Looking for more stories from tech leaders who embody the Keep Moving Forward ethos? Subscribe wherever you listen to podcasts and never miss an episode.
Transcript
Martin Spier:
I do at least a yearly summit, I call it "summit," with my team. To go over, of course, priorities and things we're planning for this year, but also to make sure the way we work is clear to everyone, especially for folks who join. But the idea is if I'm behaving that way and I'm making sure everyone knows at least that my direct reports are behaving that way and I'm observing everyone who joins, we'll look around and see, yes, that person has a really high bar to review PRs. And you'll start doing the same. It's just natural.
Caleb Brown:
Hey everyone and welcome to Keep Moving Forward, the podcast from X-Team for tech professionals who are passionate about growth, leadership, and innovation. I'm your host, Caleb Brown, and in each episode we'll dive into candid conversations with the tech industry's brightest minds, seasoned leaders, forward-thinking engineers and visionary experts.
I'm incredibly excited about this episode's guest, Martin Spier, who's leading foundational engineering as VP at PicPay Latin America's largest digital wallet. Before PicPay, Martin spent nearly a decade at Netflix, where he helped build the cloud infrastructure that changed how we all watch TV. Now he's bringing the same innovative spirit to democratize financial services across Latin America.

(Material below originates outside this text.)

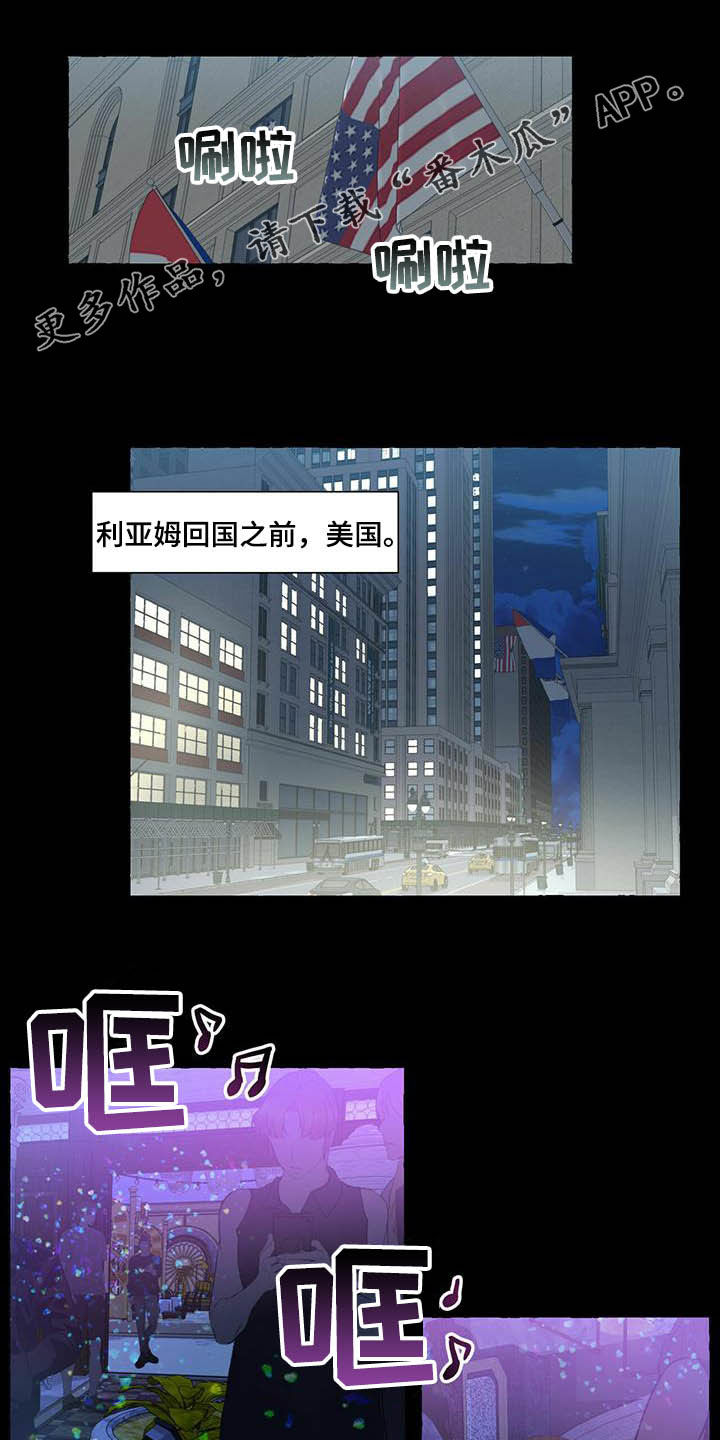 香草搭档搞笑视频漫画,第77章：视频1图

In our conversation, Martin opens up about something really fascinating, how to build engineering culture where freedom and accountability go hand in hand. You'll hear how he brings his team's values to life through authentic leadership and open dialogue and his unique take on finding those rare talents who truly thrive in high-growth environments. What I really love about Martin's approach is his perspective on performance engineering. He shares how his team balances structured goals with creative freedom to experiment and innovate. Whether you're leading a team or deep in the technical trenches, I think you'll find his insights truly energizing. Let's jump into this conversation.

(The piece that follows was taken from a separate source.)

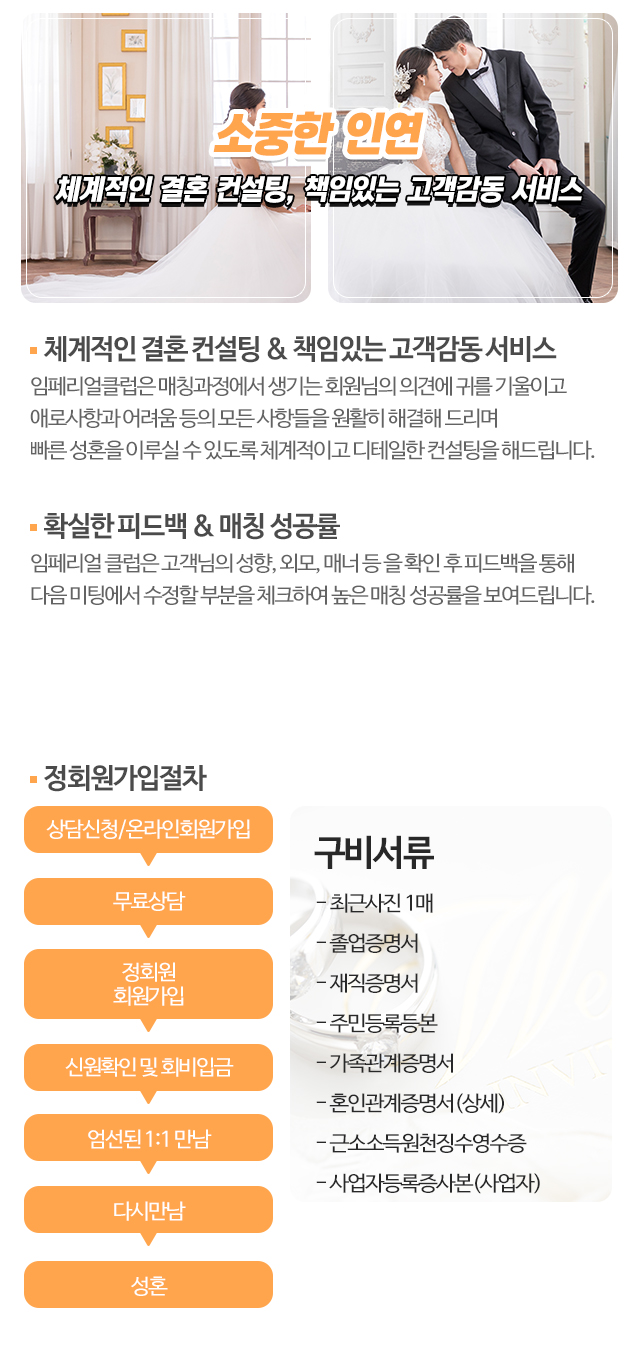 임페리얼클럽_모바일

Well, Martin, thank you so much for joining. Excited to be your introduction, a little bit about how you jumped into your career and your focus on performance engineering.
Martin Spier:
Yeah, sure. I mean, first, really thank you for the invitation here. And I'm super, super glad to be sharing a bit of my experiences, opinions and all that. My background is properly pure tech. I study computer science and all that, which is rare these days I would say. So I got a lot of interesting opportunities. I moved to the US right after the housing crisis, like 2009 I think. I went to Expedia, which is really cool. Worked on their flights, hotels and cars, lines of business. Again tuning, trying to improve things. And then out of nowhere I got a cold email from a company I barely heard of before, back then at least, called Netflix. I was a subscriber, that's why I kind of knew Netflix. But I was a DVD subscriber and they were still renting DVDs. That was still the main business.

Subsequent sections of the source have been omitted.